The two horses, a bay mare and a gray gelding, were spotted by a hiker and rescued Thursday, July 22, from a remote location off Tinkham Road east of North Bend.
The horses didn’t shy as volunteers with Washington State Animal Response Team, or WASART, walked up to them with halters and lead ropes, then nickered to each other in greeting.
“We don’t know why they were abandoned,” said WASART president Gretchen McCallum. “They had been neglected for many months before they were abandoned.”
The animals were between 100 and 300 pounds underweight, and had foot problems from lack of care. One horse had lost several teeth from neglect.
The horses were taken to the home of a WASART member, and will later be transfered to a private rehabilitation center in King County. Eventually, they will be adopted out to new owners.
Abandoned in the mountains, the horses were lucky to have survived for any length of time. They could have been prey for cougars, and with their feet in poor condition, the animals probably had a difficult time finding water.
County law states that it is legal for owners to euthanize an animal.
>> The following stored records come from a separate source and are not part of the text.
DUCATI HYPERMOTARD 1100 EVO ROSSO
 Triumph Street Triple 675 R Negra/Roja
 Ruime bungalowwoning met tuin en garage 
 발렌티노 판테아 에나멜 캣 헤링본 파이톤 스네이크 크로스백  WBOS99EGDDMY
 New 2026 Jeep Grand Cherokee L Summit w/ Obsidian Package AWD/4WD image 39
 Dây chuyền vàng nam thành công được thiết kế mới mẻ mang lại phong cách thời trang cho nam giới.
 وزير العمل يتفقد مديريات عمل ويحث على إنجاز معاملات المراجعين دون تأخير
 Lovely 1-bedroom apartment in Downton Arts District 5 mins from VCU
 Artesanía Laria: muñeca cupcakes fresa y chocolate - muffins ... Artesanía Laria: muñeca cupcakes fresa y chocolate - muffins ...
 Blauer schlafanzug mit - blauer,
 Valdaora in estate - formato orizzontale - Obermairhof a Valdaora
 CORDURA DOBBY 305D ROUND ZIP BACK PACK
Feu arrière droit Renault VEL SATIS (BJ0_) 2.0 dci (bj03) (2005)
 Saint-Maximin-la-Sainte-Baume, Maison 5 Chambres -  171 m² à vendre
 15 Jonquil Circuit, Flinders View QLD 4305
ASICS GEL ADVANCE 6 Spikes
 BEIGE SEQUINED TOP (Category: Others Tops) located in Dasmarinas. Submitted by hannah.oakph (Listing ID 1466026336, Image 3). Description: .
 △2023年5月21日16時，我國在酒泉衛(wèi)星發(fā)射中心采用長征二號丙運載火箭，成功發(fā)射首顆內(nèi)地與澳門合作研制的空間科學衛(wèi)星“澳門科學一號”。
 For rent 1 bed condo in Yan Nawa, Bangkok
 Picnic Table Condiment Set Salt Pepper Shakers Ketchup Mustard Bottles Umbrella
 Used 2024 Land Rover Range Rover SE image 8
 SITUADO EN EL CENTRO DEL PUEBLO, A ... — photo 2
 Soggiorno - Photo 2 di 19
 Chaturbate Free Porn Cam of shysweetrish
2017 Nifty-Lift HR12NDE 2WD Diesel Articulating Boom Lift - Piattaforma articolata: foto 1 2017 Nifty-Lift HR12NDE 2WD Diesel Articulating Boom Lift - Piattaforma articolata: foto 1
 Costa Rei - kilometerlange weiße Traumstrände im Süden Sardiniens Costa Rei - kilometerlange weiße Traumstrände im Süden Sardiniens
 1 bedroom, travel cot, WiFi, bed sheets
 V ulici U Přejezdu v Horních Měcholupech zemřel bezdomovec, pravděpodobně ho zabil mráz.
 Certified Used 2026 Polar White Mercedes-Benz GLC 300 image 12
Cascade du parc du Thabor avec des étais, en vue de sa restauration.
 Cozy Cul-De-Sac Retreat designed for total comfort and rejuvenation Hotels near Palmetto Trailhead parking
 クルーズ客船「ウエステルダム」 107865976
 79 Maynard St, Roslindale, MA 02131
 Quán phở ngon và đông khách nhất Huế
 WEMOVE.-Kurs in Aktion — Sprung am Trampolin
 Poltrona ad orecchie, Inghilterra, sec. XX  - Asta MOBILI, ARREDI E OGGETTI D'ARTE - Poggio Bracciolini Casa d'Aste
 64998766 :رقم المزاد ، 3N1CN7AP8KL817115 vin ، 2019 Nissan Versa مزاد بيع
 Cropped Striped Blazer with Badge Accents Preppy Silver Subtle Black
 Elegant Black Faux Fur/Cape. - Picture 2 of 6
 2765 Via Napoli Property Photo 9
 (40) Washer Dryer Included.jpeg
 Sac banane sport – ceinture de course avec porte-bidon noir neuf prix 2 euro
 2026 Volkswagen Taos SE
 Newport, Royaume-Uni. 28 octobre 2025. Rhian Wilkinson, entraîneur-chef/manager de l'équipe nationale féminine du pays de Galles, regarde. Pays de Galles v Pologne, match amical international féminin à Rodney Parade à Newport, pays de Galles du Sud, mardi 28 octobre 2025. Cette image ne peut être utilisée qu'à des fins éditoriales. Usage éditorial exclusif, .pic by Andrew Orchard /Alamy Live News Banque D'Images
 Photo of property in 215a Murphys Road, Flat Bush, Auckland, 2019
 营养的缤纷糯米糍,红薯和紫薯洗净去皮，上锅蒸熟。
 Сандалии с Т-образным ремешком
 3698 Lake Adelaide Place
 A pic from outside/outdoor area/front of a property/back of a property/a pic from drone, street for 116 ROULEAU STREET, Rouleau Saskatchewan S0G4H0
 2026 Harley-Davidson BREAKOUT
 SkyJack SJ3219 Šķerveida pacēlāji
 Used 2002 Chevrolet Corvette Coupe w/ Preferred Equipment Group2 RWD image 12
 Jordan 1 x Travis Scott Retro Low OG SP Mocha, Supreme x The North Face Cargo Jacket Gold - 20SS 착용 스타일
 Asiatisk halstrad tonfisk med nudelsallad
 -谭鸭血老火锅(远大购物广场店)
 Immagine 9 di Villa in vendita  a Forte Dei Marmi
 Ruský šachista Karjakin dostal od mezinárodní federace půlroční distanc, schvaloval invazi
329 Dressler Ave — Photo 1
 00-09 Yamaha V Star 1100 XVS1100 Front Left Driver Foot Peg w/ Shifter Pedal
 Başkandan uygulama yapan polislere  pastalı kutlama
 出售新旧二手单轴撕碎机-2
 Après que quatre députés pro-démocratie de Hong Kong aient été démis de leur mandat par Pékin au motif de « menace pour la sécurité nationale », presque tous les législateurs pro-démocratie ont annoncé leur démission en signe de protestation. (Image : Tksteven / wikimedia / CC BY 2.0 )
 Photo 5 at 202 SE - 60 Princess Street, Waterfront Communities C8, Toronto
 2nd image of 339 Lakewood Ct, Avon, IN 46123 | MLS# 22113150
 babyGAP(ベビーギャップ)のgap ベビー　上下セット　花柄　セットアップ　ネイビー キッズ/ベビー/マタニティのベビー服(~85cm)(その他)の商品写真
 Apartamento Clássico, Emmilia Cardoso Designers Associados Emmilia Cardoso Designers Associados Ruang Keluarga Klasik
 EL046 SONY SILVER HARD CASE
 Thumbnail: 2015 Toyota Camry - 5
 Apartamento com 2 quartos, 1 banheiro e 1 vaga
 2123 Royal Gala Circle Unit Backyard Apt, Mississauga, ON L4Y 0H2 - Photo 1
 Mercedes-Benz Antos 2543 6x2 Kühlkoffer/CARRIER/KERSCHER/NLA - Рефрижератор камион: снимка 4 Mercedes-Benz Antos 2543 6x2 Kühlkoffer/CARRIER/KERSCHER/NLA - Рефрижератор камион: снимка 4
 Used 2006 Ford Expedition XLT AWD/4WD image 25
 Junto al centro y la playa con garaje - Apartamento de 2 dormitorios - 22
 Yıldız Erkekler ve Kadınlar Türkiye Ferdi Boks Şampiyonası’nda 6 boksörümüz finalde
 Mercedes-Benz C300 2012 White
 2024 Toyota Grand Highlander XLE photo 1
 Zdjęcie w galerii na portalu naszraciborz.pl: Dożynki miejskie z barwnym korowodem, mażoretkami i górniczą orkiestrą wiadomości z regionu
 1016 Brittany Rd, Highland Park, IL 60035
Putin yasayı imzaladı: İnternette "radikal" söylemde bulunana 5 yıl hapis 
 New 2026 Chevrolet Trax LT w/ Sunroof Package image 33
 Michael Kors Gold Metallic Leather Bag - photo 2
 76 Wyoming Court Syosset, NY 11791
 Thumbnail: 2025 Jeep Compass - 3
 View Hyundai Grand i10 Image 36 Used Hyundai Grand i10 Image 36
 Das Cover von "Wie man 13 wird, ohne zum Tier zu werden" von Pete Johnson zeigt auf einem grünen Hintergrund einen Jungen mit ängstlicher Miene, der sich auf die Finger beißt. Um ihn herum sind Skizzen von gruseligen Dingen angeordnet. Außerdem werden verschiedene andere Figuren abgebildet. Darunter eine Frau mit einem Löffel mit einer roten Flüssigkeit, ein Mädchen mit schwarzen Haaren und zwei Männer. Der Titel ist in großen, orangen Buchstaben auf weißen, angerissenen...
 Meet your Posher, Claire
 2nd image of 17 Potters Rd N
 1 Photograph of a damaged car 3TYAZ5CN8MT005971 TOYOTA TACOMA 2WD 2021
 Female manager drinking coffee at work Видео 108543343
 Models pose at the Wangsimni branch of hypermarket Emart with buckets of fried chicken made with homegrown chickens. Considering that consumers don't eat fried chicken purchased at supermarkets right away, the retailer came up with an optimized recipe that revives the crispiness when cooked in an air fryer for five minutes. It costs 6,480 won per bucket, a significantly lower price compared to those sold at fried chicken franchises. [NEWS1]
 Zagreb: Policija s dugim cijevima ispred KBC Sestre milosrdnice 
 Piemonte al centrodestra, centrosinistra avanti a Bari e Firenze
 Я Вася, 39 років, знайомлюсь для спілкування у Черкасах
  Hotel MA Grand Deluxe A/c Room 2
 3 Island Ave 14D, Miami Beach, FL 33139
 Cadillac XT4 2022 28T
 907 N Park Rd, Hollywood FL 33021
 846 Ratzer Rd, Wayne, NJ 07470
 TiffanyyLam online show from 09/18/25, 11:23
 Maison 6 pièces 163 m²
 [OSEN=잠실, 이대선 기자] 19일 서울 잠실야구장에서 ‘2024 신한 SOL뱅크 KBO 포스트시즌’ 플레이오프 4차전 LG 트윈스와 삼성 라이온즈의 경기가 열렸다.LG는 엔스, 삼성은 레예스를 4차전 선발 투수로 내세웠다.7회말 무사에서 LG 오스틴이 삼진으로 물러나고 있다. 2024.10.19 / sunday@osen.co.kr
Dumping horses, however, is not.
“It is not OK to abandon your own horse, or any animal,” McCallum.
During tough economic times, some dump their animals to avoid the expense of care or euthanasia.
“People are abandoning animals in many places,” McCallum said. “But this is not the way to go.”
She said there are many rescue organizations that can step in, and veterinarians who can humanely end the life of a horse that is suffering.
“I don’t know why these people did what they did,” McCallum said. “I do know this is the wrong choice for the problem. For every choice you make, there are consequences.”
King County Animal Care and Control is considering posting a reward for tips leading to the owner of the horses.
The two horses have not been given names by their rescuers.
“If you name them, you bond with them,” McCallum said. WASART will let the horses’ new owners have that honor.